Choice of data fetching interface
To get the data of stocks, generally speaking, there can be several methods:
- tushare, baostock, qstock and other python library interface, the advantage is that the data has been sorted and cleaned, it is more convenient to get, only need a line of command can be obtained, the disadvantage is that there are often a variety of constraints, and the accuracy is not enough, for example, tushare need to register and get points to use, these libraries of the highest free time accuracy is 5 minutes, want to get the granularity of 1 minute data, you need to find a way to do it yourself. The maximum free time precision of these libraries is 5 minutes, so if you want to get the data with a granularity of 1 minute, you need to think of your own way!
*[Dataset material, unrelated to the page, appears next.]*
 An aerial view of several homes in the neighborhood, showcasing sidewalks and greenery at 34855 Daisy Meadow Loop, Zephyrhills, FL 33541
- directly through the web page to crawl the corresponding data, this way is more free, but the problem is that you can not be broken, once one day your crawler server is down, which means that your data is difficult to pick up, you need to make up from other data sources, the problem is that you have other channels of information, why not use it in the beginning
- download the data through stock trading software, and then transform it into your own data.
- buy the data directly
Downloading the data is not the end of the matter, it is best to save it in the database, so that it is convenient for multiple terminals and can be called at any time. Here are three ways to do this
Getting historical data via python library.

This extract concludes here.